Machine Learning vs Statistics : Culture clash?
Traditional statistics has been around for hundreds of years, and practitioners have been plugging away at trying to develop algorithms that help us to extract meaning from data for just as long. Much of their work went unnoticed by the general public until recently, as their theorems and models seldom presented practical solutions to problems that involve the messy data we often encountered in the wild. But recently developments in computer hardware and software has made the field of statistics touch almost every aspect of our modern lives.

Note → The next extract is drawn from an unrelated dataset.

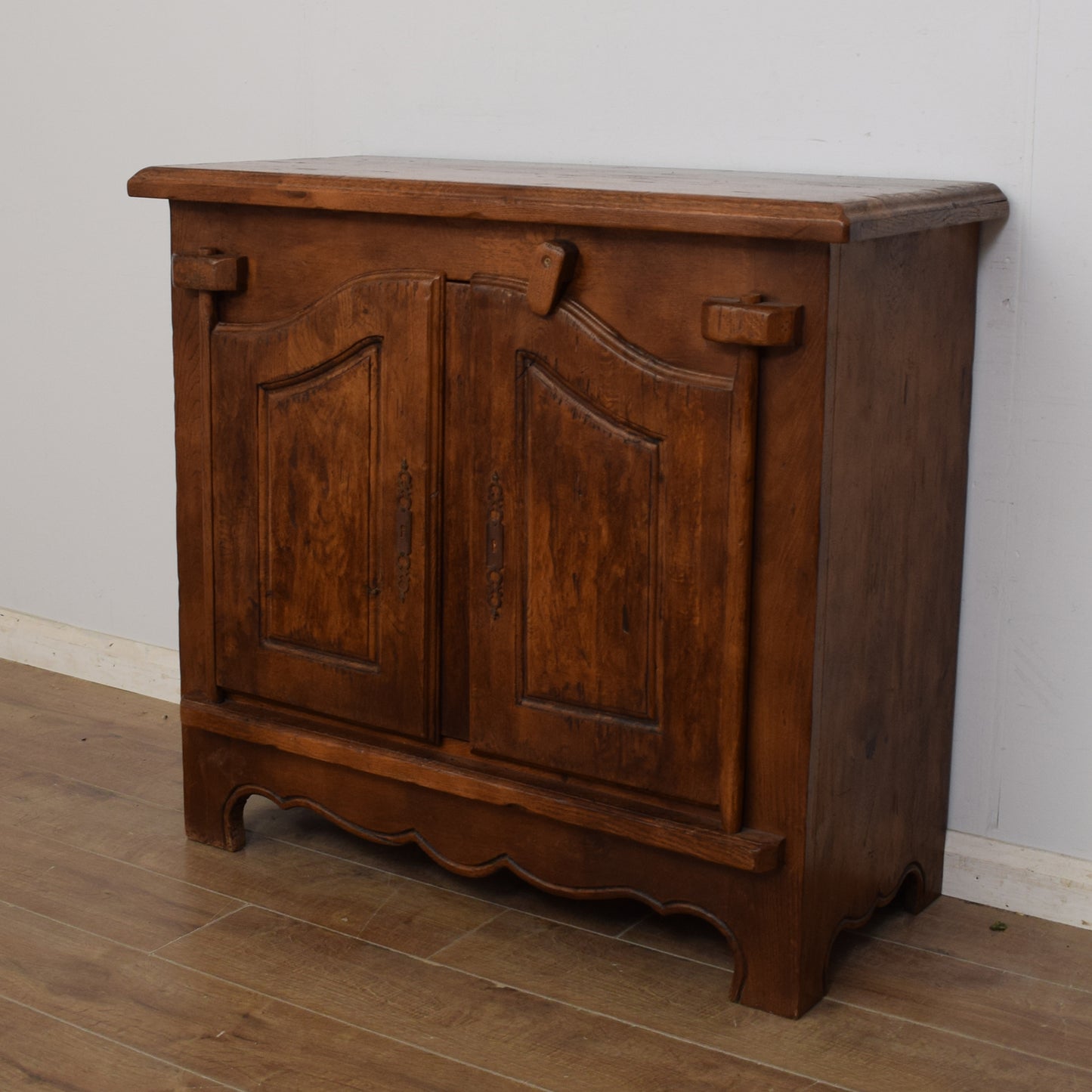 Solid Oak Cabinet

This new wave of activity has been the engine fueling the data science revolution currently underway. Algorithms such as gradient boosted trees and neural networks have cast a long shadow over the ANOVA’s (analysis of variance) or logistic regressions that served statisticians so well for many decades. Is it time to consign these antiquated methods to the rubbish heap? Do they have any relevance in the modern era of big data, artificial intelligence and cloud computing? Statisticians Brian Ripley and Andrew Gelman had this to say:
'Machine learning is statistics minus any checking of models and assumptions'. - Brian D. Ripley
‘In that case, maybe we should get rid of checking of models and assumptions more often. Then maybe we'd be able to solve some of the problems that the machine learning people can solve but we can't!’ - Andrew Gelman
I would argue that these traditional statistical methods still have a very important role to play, a role somewhat different from the role of modern machine learning algorithms. While doing research as a scientist, most of my analytical work involved the use of traditional regression techniques such as ANOVA or multiple regression. Now, working as a data scientist, I rely mostly on gradients boosted trees and neural networks to make predictions. Different techniques are used because these two different realms are fundamentally interested in different outcomes. As a scientist my principal interest is inference – or the relationship between predictors and outcomes. As a data scientist, I am mostly interested in prediction – for example, my clients want to know who is going to purchase their product and who isn’t.
Sometimes we get carried away trying to produce the most accurate predictions using machine learning methods without stopping to think about how the outcomes we are modelling are affected by potential influencing factors. Often the methods we choose to make our predictions with don’t even allow us to explore the relationship between these factors and the predictions. On the other hand, as statisticians, we can be so concerned that the assumptions required to infer causality between input and outputs are met, that we forget to check that our outputs are indeed making predictions that are useful and can be implemented in practice.
Inference and Prediction should not be regarded as mutually exclusive tasks when building models. It’s time to pause and view machine learning and statistics as two sides of the same coin.